◆ **EXERCISE OBJECTIVE**
Every line of the records below from the line with "Allow the sample" up to and including the line with "Let me press" must be reproduced exactly, and no line outside that range.

◆ **THE DATA**
********

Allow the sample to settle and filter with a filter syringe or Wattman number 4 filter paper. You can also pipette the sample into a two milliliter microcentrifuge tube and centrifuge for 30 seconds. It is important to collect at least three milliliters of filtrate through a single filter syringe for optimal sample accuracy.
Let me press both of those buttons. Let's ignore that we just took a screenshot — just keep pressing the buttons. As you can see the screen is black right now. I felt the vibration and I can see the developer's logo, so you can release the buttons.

********

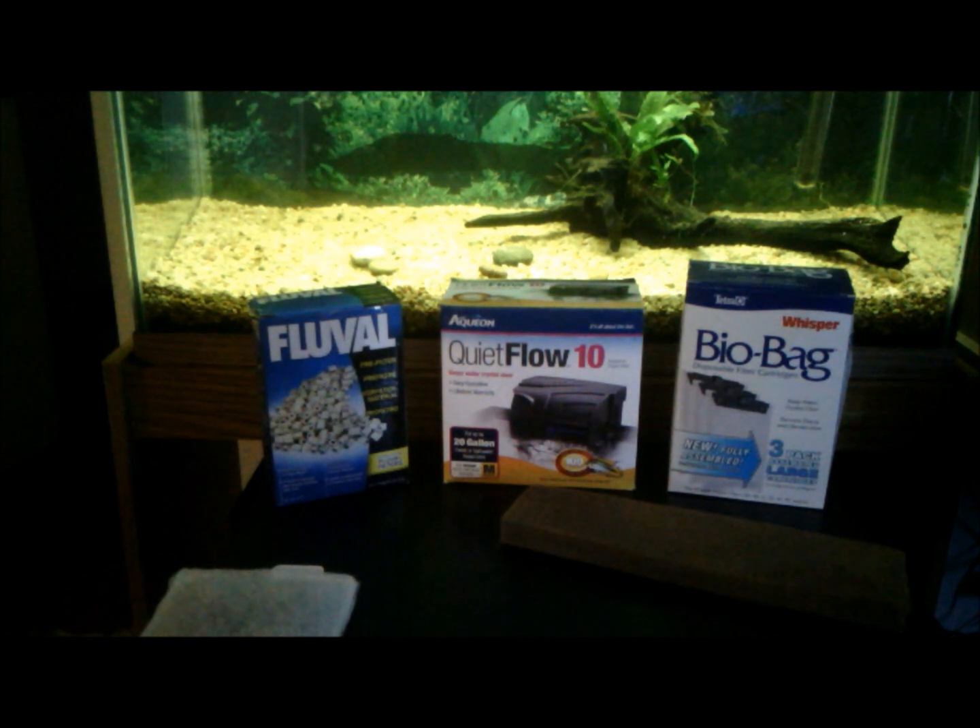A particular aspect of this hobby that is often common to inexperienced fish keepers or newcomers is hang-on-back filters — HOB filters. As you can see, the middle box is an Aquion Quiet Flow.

********

◆ **YOUR SOLUTION**
Allow the sample to settle and filter with a filter syringe or Wattman number 4 filter paper. You can also pipette the sample into a two milliliter microcentrifuge tube and centrifuge for 30 seconds. It is important to collect at least three milliliters of filtrate through a single filter syringe for optimal sample accuracy.
Let me press both of those buttons. Let's ignore that we just took a screenshot — just keep pressing the buttons. As you can see the screen is black right now. I felt the vibration and I can see the developer's logo, so you can release the buttons.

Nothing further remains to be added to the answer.